Frieder Nake (born December 16, 1938 in Stuttgart) is a professor for computer graphics at the department for computer science at the University of Bremen and visiting professor for hypermedia design at the University of the Arts Bremen. He lives and works in Bremen, Germany.

He has taught in Stuttgart, Toronto and Vancouver, and has been in Bremen since 1972. He specializes in interactive computer graphics, digital media, computer art, and semiotics.
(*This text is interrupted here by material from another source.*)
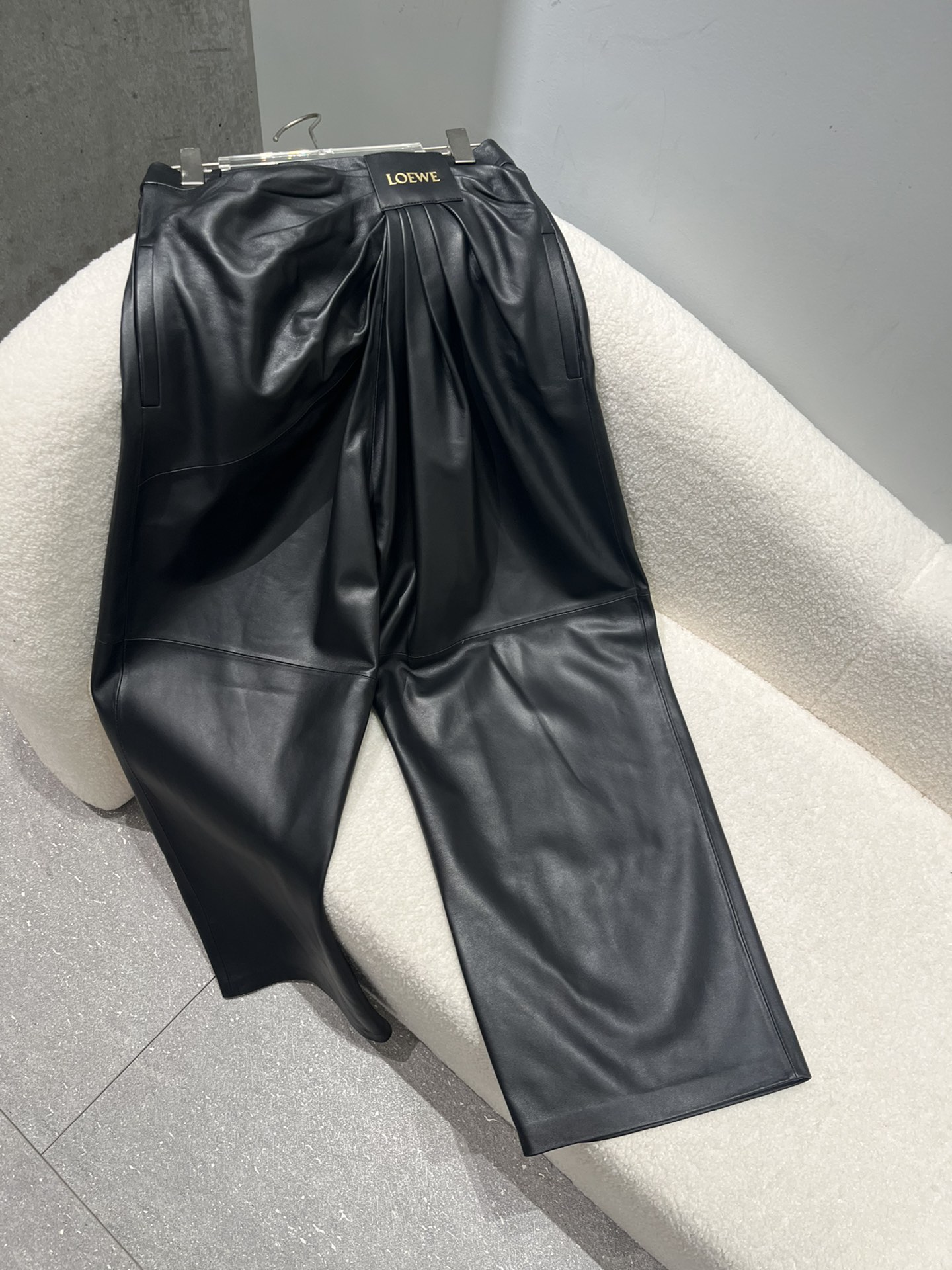 NO:742774,Loewe sheepskin trousers, loose fit, regular two colors, other colors can be customized, the brown leather label is textured leather, it is not a quality problem, Loewe-clothing, loewe, sheepskin,19860909罗意威羊皮长裤,宽松版型,常规两色,其他颜色可以定制,棕色皮牌是带纹理的皮料哦,不是质量问题,罗意威-服装,loewe,sheepskin,,Women's clothing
He has been a visiting professor at Universitetet Oslo, Aarhus Universitet, Universität Wien, University of Colorado at Boulder.

He was one of the first to exhibit digital computer art in 1965 (Galerie Wendelin Niedlich, Stuttgart). In the same year, other exhibitions were staged by Georg Nees in Stuttgart and A. Michael Noll in New York. Nake, Nees and Noll are generally recognized as pioneers of computer art, and in this context are sometimes called the three big 'N's.

He also was one of the first to analyze links between aesthetics and information theory. His book Ästhetik als Informationsverarbeitung (1974) is one of the first in this field, and greatly helped to promote research on the borderline between science and art. [1]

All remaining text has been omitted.